No entanto, tanto na visão do presidente da ABGM, quanto na de Viviane, um guia qualificado não deveria deixar uma cliente já cansada, sozinha. “Nunca a pessoa que está mais frágil, deve ficar menos assistida. É preciso fazer a avaliação caso a caso, entender como está aquela pessoa para responder ao estímulo (da trilha). Isso é primordial”, diz Viviane.
“Existem situações específicas onde, sim, um guia pode se afastar. Mas, pelo que se sabe do caso, que ela teria ficado cansada, a orientação mais conveniente é de que todo o grupo parasse, descansasse um pouco, para então seguir em um ritmo que ela conseguisse acompanhar”, afirma Neto. “Grupos de trilhas são heterogêneos, mas a ideia é manter o grupo junto e motivado para que todos alcancem o objetivo com êxito.”

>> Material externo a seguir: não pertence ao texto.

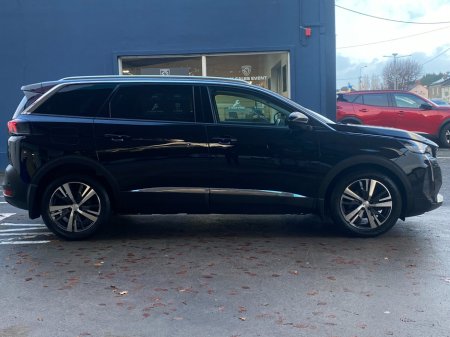 2022 Peugeot 5008 1.5 BlueHDi 130bhp Allure €33,900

Resgate em áreas remotas pode durar dias, mas não é comum
Segundo Neto, a depender do quão remoto é um local de trilha, das condições climáticas durante e logo após o acidente e de variáveis como a quantidade de guias qualificados na região no momento, é possível, sim, que um resgate dure dias, como foi o de Juliana. Mas não é o mais comum, segundo Viviane. “Me parece um grau muito baixo de profissionalismo em montanha”, diz a montanhista.
Segundo Neto, especialmente em terrenos muito verticais, como o do monte Rinjani, a falta de visibilidade pode impedir o uso de helicópteros - essa foi, inclusive, uma das justificativas dadas pelo governo da Indonésia para a demora no resgate.
“A justificativa para não haver resgate aéreo por meio de helicóptero, foi a de não haver teto, de haver muita neblina, o que é plausível, pois acontece muito. A gente não consegue sobrevoar nessas condições, principalmente nessa região de cratera. O voo ali é um voo mais delicado, que realmente precisa de uma visibilidade apurada, com muita nitidez para que você consiga de fato êxito”, diz Neto.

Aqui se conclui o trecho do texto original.